Sunday, February 9, 2014

Black Walnut Stout

Acknowledgements to RyanBrews for introducing me to the concept of "fat washing". If you have never heard of fat washing, go read Ryan's blog, but fat washing is basically just a way to incorporate flavors from fatty food into your beer without adding the unwanted oils. And while I have yet to be stupid brave enough to make a Buffalo Wing and Blue Cheese beer like Ryan did (!), I have now used fat washing to successfully brew beers with black walnuts. (I also did a coconut and thai basil beer, but this post is about black walnuts).

As Ryan describes, you need to be more patient with some ingredients relative to others. Make sure to wait several weeks for extracting something like black walnuts and you will be rewarded with a better product. I like to add flavorings at kegging or bottling so I'll describe this a bit more later in the post.

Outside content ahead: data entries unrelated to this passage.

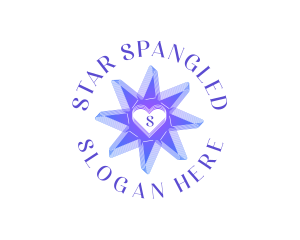 Star Heart Love  logo design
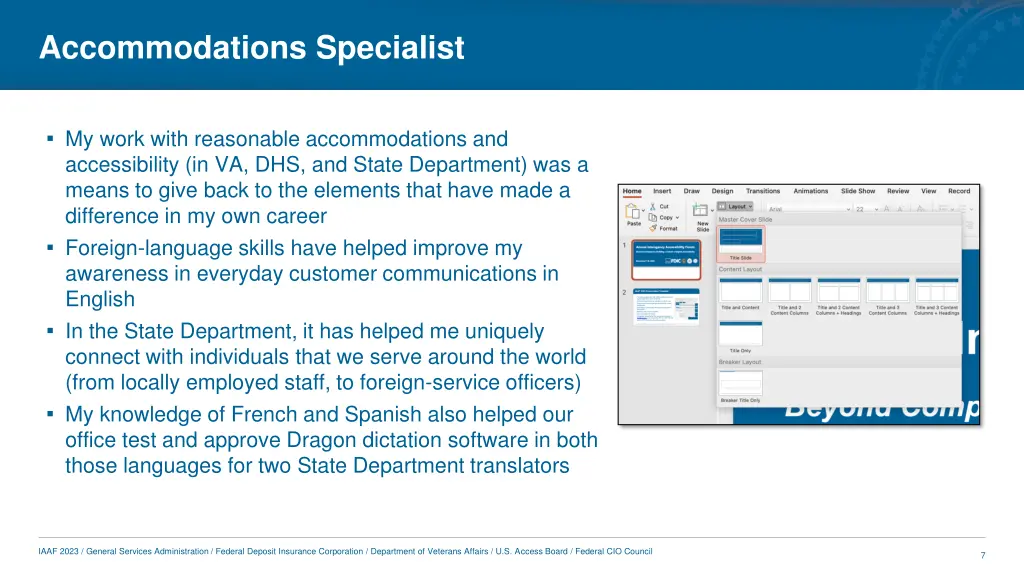 accommodations specialist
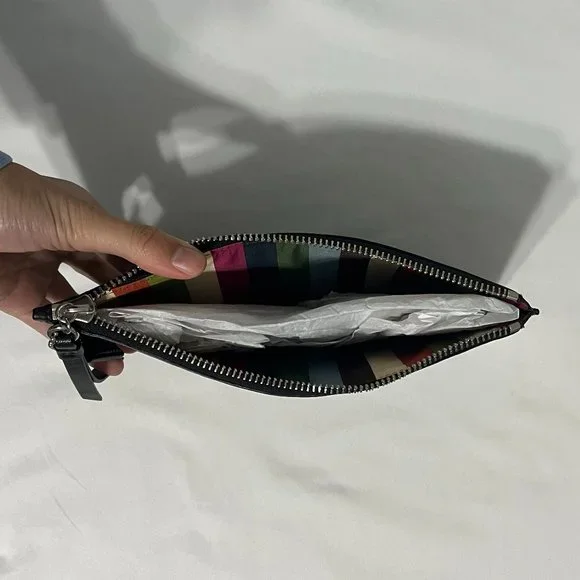 🟡 Coach Poppy Vintage Leather Clutch/Wristlet Black Multicolor - Picture 3 of 3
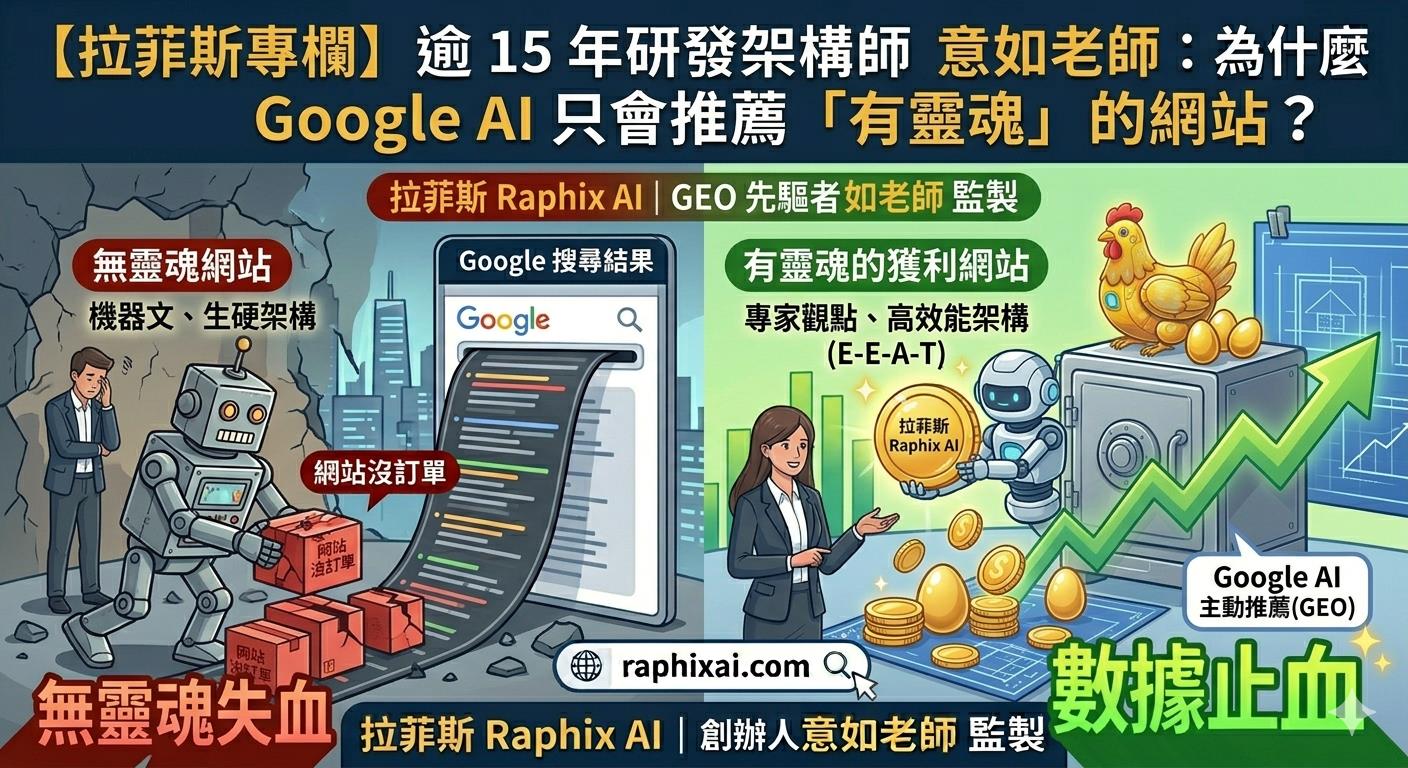 拉菲斯 Raphix AI | 逾 15 年研發架構師 意如老師 - Google AI 推薦與數據止血示意圖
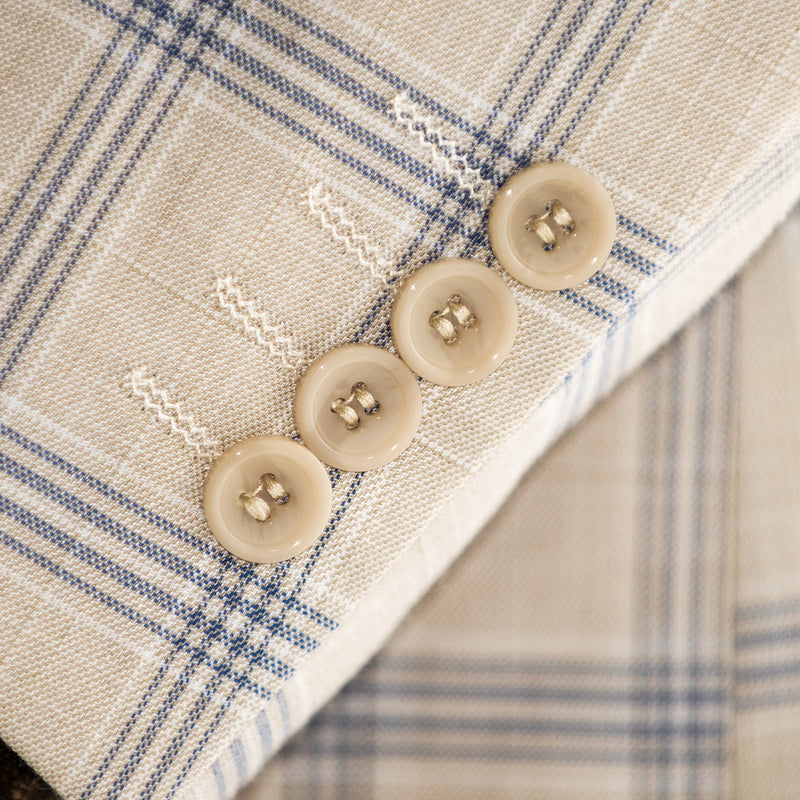 Sand Plaid 3-Piece Tailored-Fit Suit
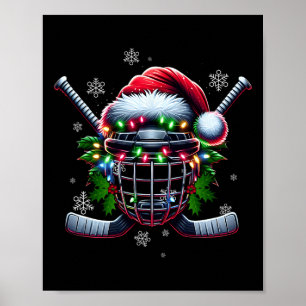 IJshockey Kerst Helmen Kerstman Hoed Wintersport Poster
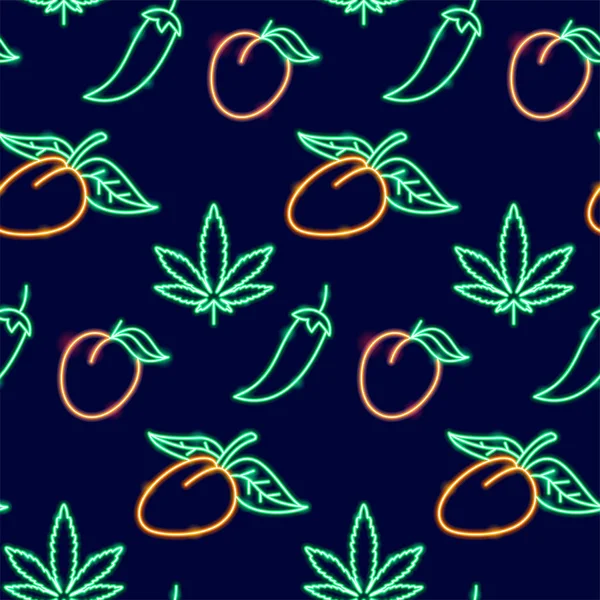 Mango marihuana patrón inconsútil de neón — Vector de stock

The base stout recipe is something I have been working on for ~3 years now. My original goal was to create a lower alcohol Founder's Breakfast Stout which still maintains the body and mouthfeel. The main tricks I use to achieve this are lots of flaked grains in the grain bill (~15%) and an English ale yeast (WLP023) in the fermenter. None of the American ale yeasts I have tried give the body or mouthfeel I desire for this brew. At this point the recipe has evolved stylistically into more of a Foreign Export Oatmeal Stout of sorts, but I would confidently put it up against FBS on the breakfast table any day of the week.

For this years batch I wanted to experiment with using Black Walnut throughout the process. So to begin, I added 1/4 lb. of toasted and milled Black Walnut flour to the mash. Yes this could potentially hurt head retention, but I was planning to keg and I did not notice excess oils in the glass or loss of head retention. Note: you cannot see the Black Walnut flour in the picture below.


NutMeat Stout (10 gls)  
17 lbs Maris Otter
1.75 lbs Flaked Oats
1.75 lbs Flaked Barley
1 lb UK Pale Chocolate
1 lb German Roasted Barley
0.6 lb German CaraMunich I
0.5 lb Special B
0.5 lb UK Brown Malt
0.25 lb Black Walnut flour
1.5 oz German Northern Brewer FWH
0.5 oz EKG 25''
Mash @ 152F
Expected ABV: ~6.5%
I added 3g of chalk to the mash and 3g of gypsum to the sparge.








5 gallons was fermented with WLP023 Burton Ale yeast, 14 days primary at 65F


        5 gallons was fermented with WLP860 Munich Helles Lager yeast, 14 days primary at 48F, 14 days secondary at 33F.



After fermentation, I racked the ale version into a keg and added coffee made with an Aeropress. I have had success with using this expresso-like coffee before, and I generally shoot for 12-16oz in a 5gl batch.  I also added 8 oz of black walnut extract. The ale batch was good, but a little thin so I also added ~50g of lactose by dissolving it in the hot coffee.

For the lager portion, I added the remaining ~6 oz of black walnut extract. I was running low on coffee beans so I skipped the Aeropress step. Instead, I simply put the beans (~1/2 cup) I had left into a dry hop bag along with a scoop of raw black walnuts. After "cold steeping" in the keg for a few days the coffee flavor and aroma were phenomenal. Smooth, roasty and delicious. The keg didn't make it through my New Year's party.

Overall, I really enjoy brewing with black walnuts. The flavor contribution, at least in an already complex beer like a stout, is quite subtle. It is hard to describe, but the black walnut extract really increases the richness of the beer along with providing a sort of generic nuttiness. I don't think most people would know that I used black walnuts if I didn't tell them, but I would certainly miss it if it they weren't there.